Any free time she had was spent taking care of her family, not herself. But she didn’t mind.
“I’m a mother first and foremost,” she said.
She finally found time between shifts to see her OB-GYN and get her routine Pap test. After the screening, Lisha walked right back into her busy schedule.
She lost her health insurance shortly after, so she ignored the phone calls from her OB-GYN. She put it on her to-do list to call her doctor once she had insurance again. But with her time split between her restaurant and her family, following up with her doctor fell to the bottom of her list.
New limits
Derick Aldridge, Lisha’s fiancé, noticed she was fatigued and not her usual self. Knowing she didn’t like to ask for help, he convinced her to go to Kettering Health Preble. They didn’t know it at the time, but in less than a week, Lisha’s life would change.
Several tests came back inconclusive, and Lisha was transferred to Kettering Health Main Campus for further testing. After five long days, Lisha and Derick had their answer.
Lisha watched family members go through radiation in the past. She saw them become sick and weak, trying to fight cancer. She told herself she wouldn’t choose that if it were her. She would choose to live out the rest of her days without chemicals flowing through her body, making her sick in hopes of making her better.
But when she heard the words “cervical cancer” while her two kids waited at home, Lisha realized she didn’t have that choice.
She began treatment in August 2021, traveling 45 minutes back and forth from the Cancer Center every day. Lisha expected the exhaustion and nausea, but she couldn’t predict the toll treatment would have on her mental health. Every day felt like a battle with herself. Her friends, family, and care team encouraged her to stay strong, but all she wanted to do was give up.
“It takes all you have,” she said. “You have to push yourself to limits that you didn’t know existed.”
A tornado of feelings
Lisha’s treatment ended on December 10, 2021, after eight rounds of chemo and five rounds of internal radiation. Lisha’s radiation oncologist, told her she had beaten cancer, displaying her latest, cancer-free scan as proof. Lisha didn’t know what to think. One moment she was a cancer patient, the next moment she wasn’t.
“I was excited, confused, and a little worried that it would come back,” she said. “It was a whole tornado of feelings.”
Focused on life
Before her diagnosis, Lisha spent most of her time managing the restaurant. She focused on climbing the ladder and showing her children the importance of hard work. But after her diagnosis, she realized how much she missed.

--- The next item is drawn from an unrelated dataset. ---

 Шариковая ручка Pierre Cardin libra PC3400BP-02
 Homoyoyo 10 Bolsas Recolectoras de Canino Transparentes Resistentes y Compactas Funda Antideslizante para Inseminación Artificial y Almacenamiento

“Sometimes I wonder if it was a little bit of divine intervention because I had worked so hard to get to the top,” she said. “But once I made it there, it was not what I expected.”
During one of her previous long sessions in the infusion chair, Lisha told her brother that all she wanted to do was go to the beach. And that’s exactly what she did after becoming cancer-free. The two visited their sister in Virginia, and Lisha appreciated her life in a new light.
“I have a new perspective on life and what I want it to be,” she said.
Lisha is back in the restaurant world, but she works fewer hours and spends more time with her family. She’s excited never to miss another of her daughter’s basketball games.
Though her recovery from treatment continues, she feels better than ever.
“I really like being full of life.”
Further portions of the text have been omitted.